IN THE MEANTIME, WE have Neil Tuuri’s studio broadcasts to tide us over. With the success of the first livestream behind him, he plans to broadcast multi-band bills like you would see at a live show, and give local artists a means to earn during the hiatus. He’s even working with local station WXTQ Power 105 to broadcast the much-loved Tony’s Jazz Night that lost its home when Tony’s was closed along with all other bars.
Tuuri is also trying to help out musicians financially with his broadcast.
“I have a former student named Randy Gleason,” noted Tuuri. “He is a fulltime musician and is now making zero income. Gleason makes his money 100 percent from playing live music. He has no studio recordings released and is scrambling a bit. I'm offering to do a live stream with him pro bono with a virtual tip jar.”
You can see Randy Gleason’s live performance at 8 p.m. Wednesday, March 25, by visiting Gleason’s Facebook page. And please tip the performance if you attend virtually.
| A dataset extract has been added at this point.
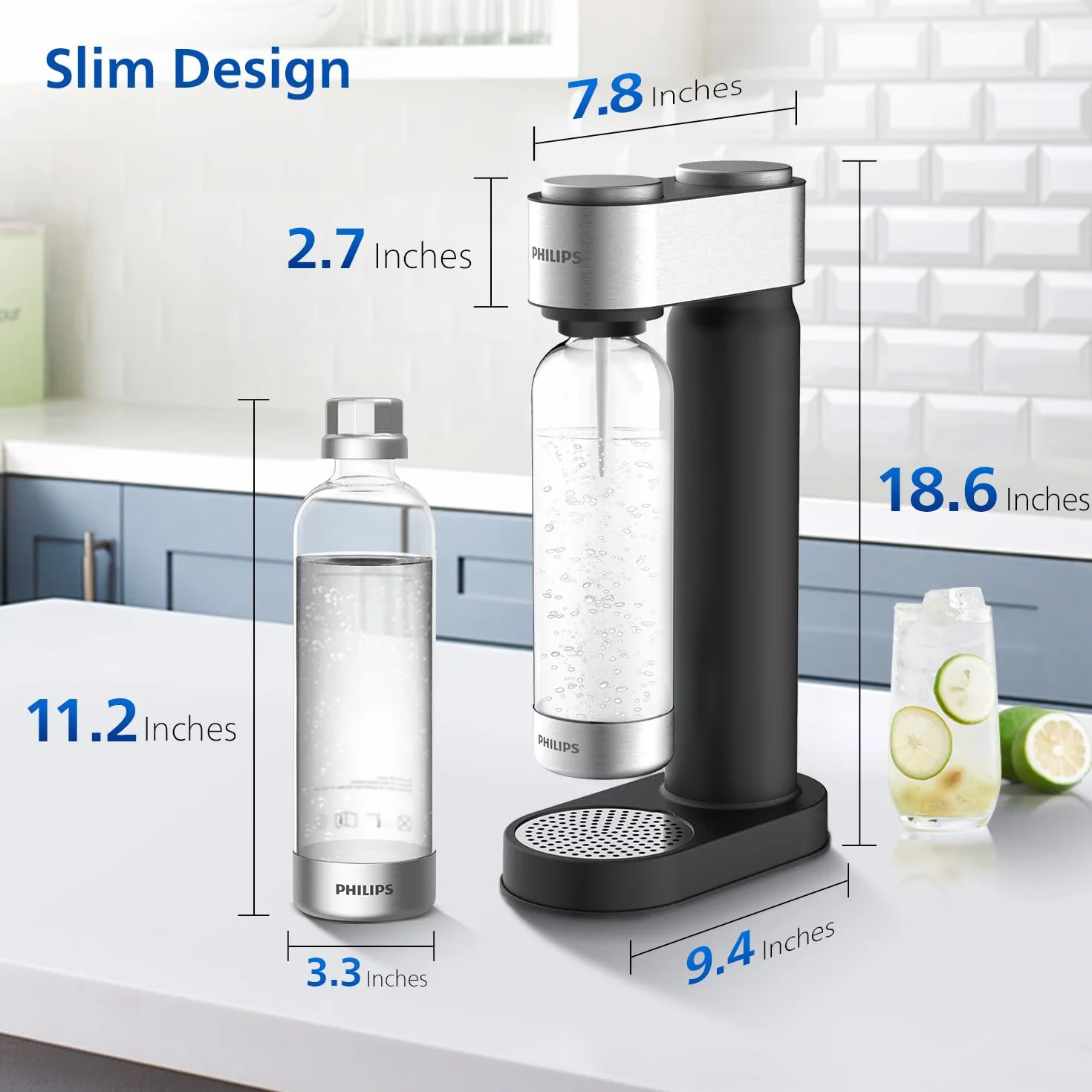 Philips Máquina para hacer refrescos de acero inoxidable con gas para el hogar, 1 litro, sin BPA, compatible con carbonatador de CO2 de 60 L
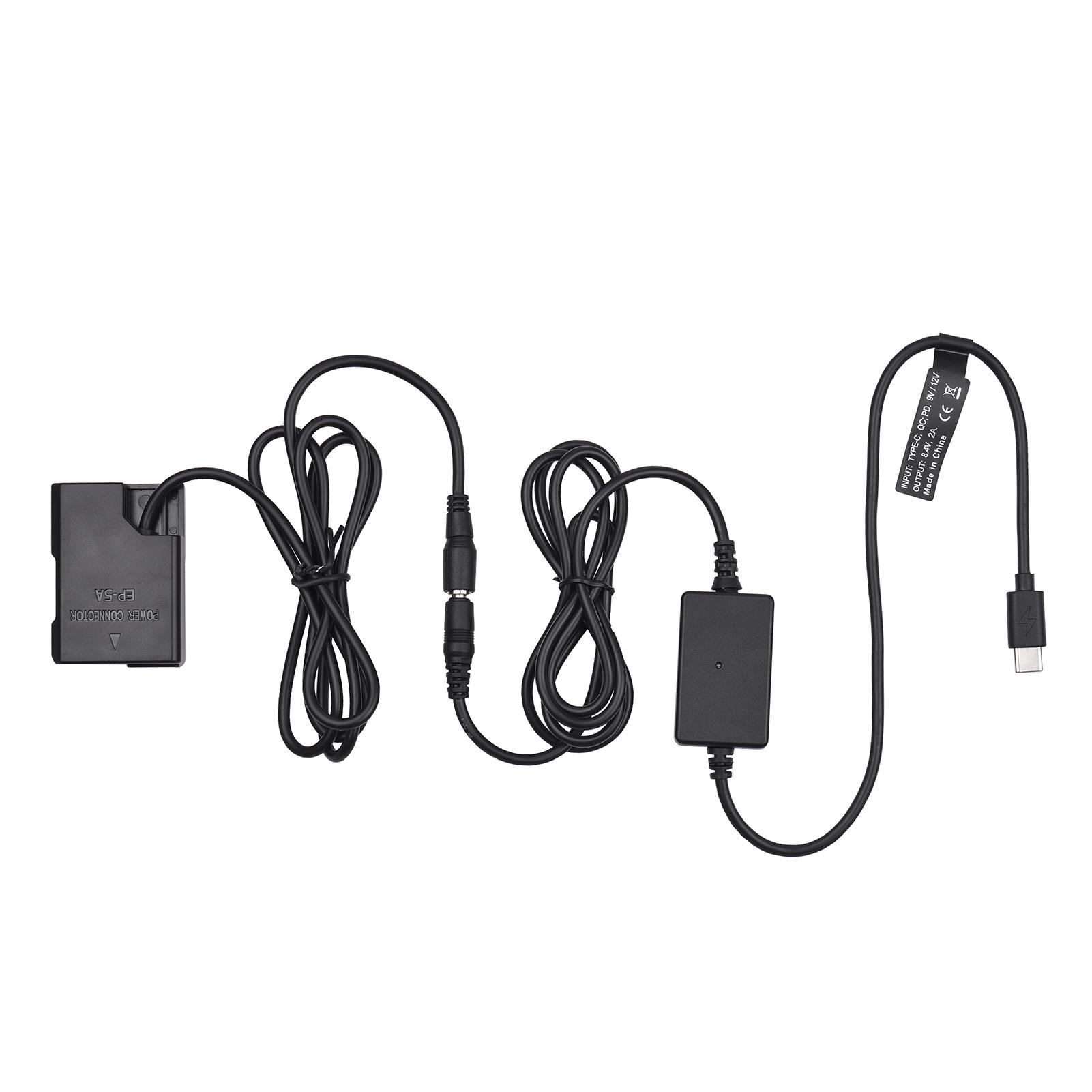 PD USB Type-C Cable to EP-5A Dummy Battery DC Coupler EN-EL14 for Nikon D5600 D5500 D5300 D3200 D3300 D3400 D3500 P7800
In the days since the Gudger live stream, some major name bands have come up with the same idea. The Dropkick Murphys were planning to stream a St. Patrick’s Day concert Tuesday evening. Artists includign Diplo, Yungblud and Pittsburgh-based metal band, Code Orange, are also streaming concerts online. Code Orange had 17,000 people watch their first live stream. Many more artists are likely to go online in the year to come. This might be the dawn of a new era of watching concerts online.
During Gudger’s livestream performance, several older viewers joked via the online chat feature that streaming might be the best way for them to attend concerts going forward. We’ll see. You can’t beat a live performance.
Shelly Adams wonders about that difference between live and streaming. “I'm not sure how I will be able to get the same level of enjoyment without the ability to see bands play live,” she said. “I really enjoy the experience of being in a room full of people who are there to support the folks who make music, same as me. It's like we are all family for a little while.”
But she understands these are extraordinary times. “I think the measures taken, though extreme, are what is needed to protect us all, so we can live to celebrate the end of the pandemic with a big night of live music,” she said.
Twenty-four hours after it originally aired, 7,000 viewers had tuned in to see the Gudger live stream. Imagine if the viewers paid a mere 10 cents to watch the show. Imagine if they paid a dollar. Perhaps local music can survive this mess after all.
Editor’s note: Matthew Toledo is a web developer, guitarist for the band Hells Fire Sinners, and a former music writer for The Athens NEWS.